Korupsi yang Merusak Cinta

Other

by Arif Budi Setyawan

Kita sudah sering mendengar dan membaca hasil survei tentang tingkat keterpaparan seseorang oleh pemikiran yang menjurus pada radikalisme. Radikalisme dalam hal ini -menurut makna yang disepakati oleh negara-. dikategorikan sebagai seseorang yang menganggap adanya ‘sistem lain’ yang lebih baik dari Pancasila dan UUD 1945. Itu seringkali dianggap termasuk radikal atau setidaknya memiliki potensi jadi radikal.


Padahal boleh jadi orang tersebut mempunyai anggapan seperti itu karena melihat bukti bahwa Pancasila dan UUD 1945 tidak mampu mencegah seseorang untuk korupsi dan menyalahgunakan jabatan. Seandainya negara Indonesia ini adil makmur sejahtera sentosa, mungkin akan sangat sedikit orang yang berpikir untuk mencari ‘jalan alternatif’ berbangsa dan bernegara.


Orang-orang yang memiliki ideologi yang berbeda dengan ideologi bangsa Indonesia akan memiliki kesempatan dan peluang sangat bagus untuk mempengaruhi masyarakat Indonesia ketika masyarakat kecewa dengan kondisi yang ada akibat adanya kesalahan dalam mengurus bangsa dan negara.


Orang yang kecewa itu selalu akan mencoba mencari alternatif. Itu sudah hukum alam. Orang yang sedang pacaran dan kecewa dengan pacar yang selingkuh pasti akan membuka peluang untuk cari pacar yang baru. Kecewa dengan pelayanan sebuah toko atau sebuah produk akan membuat seseorang mencari toko dan produk lain. Jika ingin orang mencintai toko kita atau produk kita ya jangan sampai mengecewakan pelanggan.


Begitu juga dengan kehidupan berbangsa dan bernegara. Jika tidak ingin anak bangsa mencari jalan alternatif dalam berbangsa dan bernegara, maka jangan kecewakan mereka. Kita tidak bisa sepenuhnya hanya menyalahkan orang-orang yang menawarkan jalan alternatif itu, tetapi pada saat yang sama yang kita pertontonkan kepada rakyat Indonesia adalah budaya korupsi dan penyalahgunaan kekuasaan atau jabatan.
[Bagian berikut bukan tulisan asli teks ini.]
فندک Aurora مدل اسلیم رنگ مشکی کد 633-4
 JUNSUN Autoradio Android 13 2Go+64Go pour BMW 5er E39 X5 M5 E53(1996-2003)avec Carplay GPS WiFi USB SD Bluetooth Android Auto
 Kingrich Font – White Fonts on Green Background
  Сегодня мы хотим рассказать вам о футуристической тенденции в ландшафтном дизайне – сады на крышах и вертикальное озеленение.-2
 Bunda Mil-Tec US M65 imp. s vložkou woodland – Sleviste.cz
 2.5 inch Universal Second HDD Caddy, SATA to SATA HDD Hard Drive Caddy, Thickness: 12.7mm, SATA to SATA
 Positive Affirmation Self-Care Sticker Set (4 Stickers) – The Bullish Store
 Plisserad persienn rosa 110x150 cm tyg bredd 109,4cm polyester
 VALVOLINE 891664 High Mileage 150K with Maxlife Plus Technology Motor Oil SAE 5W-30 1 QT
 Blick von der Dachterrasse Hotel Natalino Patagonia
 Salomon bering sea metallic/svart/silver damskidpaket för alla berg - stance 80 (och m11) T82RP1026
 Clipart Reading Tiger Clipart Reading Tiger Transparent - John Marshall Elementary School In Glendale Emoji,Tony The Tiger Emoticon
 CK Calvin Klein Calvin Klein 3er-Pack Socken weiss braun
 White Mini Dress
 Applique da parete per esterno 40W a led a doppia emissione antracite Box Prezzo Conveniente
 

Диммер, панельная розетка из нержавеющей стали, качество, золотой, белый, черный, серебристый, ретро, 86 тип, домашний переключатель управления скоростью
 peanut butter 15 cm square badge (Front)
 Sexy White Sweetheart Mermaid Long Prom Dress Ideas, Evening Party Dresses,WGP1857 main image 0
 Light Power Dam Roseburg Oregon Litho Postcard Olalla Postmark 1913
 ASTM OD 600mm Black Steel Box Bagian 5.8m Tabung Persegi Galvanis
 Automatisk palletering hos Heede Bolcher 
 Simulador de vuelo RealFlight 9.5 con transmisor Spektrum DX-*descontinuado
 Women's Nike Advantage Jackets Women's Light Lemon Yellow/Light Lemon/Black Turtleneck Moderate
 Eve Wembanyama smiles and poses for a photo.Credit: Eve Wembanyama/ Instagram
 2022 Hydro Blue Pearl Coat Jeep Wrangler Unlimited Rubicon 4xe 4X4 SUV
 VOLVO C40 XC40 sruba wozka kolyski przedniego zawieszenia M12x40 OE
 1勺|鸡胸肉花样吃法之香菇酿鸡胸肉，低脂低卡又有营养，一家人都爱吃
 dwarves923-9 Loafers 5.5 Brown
Atau pada saat yang sama kita membiarkan kemiskinan dan kebobrokan mental anak bangsa semakin berlarut-larut.


Saya pribadi heran mengapa saya tidak pernah menjumpai sebuah lembaga riset yang meneliti potensi seseorang untuk melakukan kebohongan yang merupakan saudara dari korupsi? Yang ada adalah survei seputar radikalisme, kepuasan publik, kecenderungan politik, dan sebagainya.


Padahal virus perilaku korup dan kebohongan itu sangat berbahaya dan kecenderungan itu bisa jadi sudah muncul sejak anak-anak. Anak-anak sekolah yang suka datang terlambat tanpa alasan yang jelas atau yang suka membolos tanpa alasan adalah contoh perilaku korup. Korupsi kewajiban atau tugas seorang anak sekolah. Anak-anak sekolah yang suka mencontek ketika ujian adalah contoh nyata mereka suka berbuat curang.


Bayangkan jika anak-anak ini nantinya menjadi pejabat atau pemimpin bangsa. Apa nggak semakin hancur negeri kita?


Perilaku korup itu sangat merugikan kehidupan orang banyak. Sebagai contoh misalnya korupsi pada proyek pembangunan jalan raya yang kemudian menyebabkan kualitas jalannya jelek. Tak lama kemudian sudah banyak berlubang dan menyebabkan terjadinya kecelakaan yang tak jarang merenggut korban jiwa. Dan korban jiwa karena kecelakaan yang diakibatkan oleh infrastruktur yang kurang memadai ini saya yakin jumlahnya jauh lebih banyak dari korban aksi terorisme.


Kalau menjadi korban aksi terorisme bisa mendapat kompensasi dari negara berdasarkan undang-undang yang baru. Tapi bagaimana dengan korban kecelakaan akibat buruknya infrastruktur karena budaya korupsi dan kecurangan itu?


Bahaya korupsi benar-benar merusak cinta. Cinta tanah air dan bangsa hancur karena korupsi. Cinta terhadap sesama juga hancur karena korupsi. Apakah orang yang tega untuk korupsi dana yang seharusnya menjadi hak masyarakat banyak itu layak menyebut dirinya mencintai sesamanya?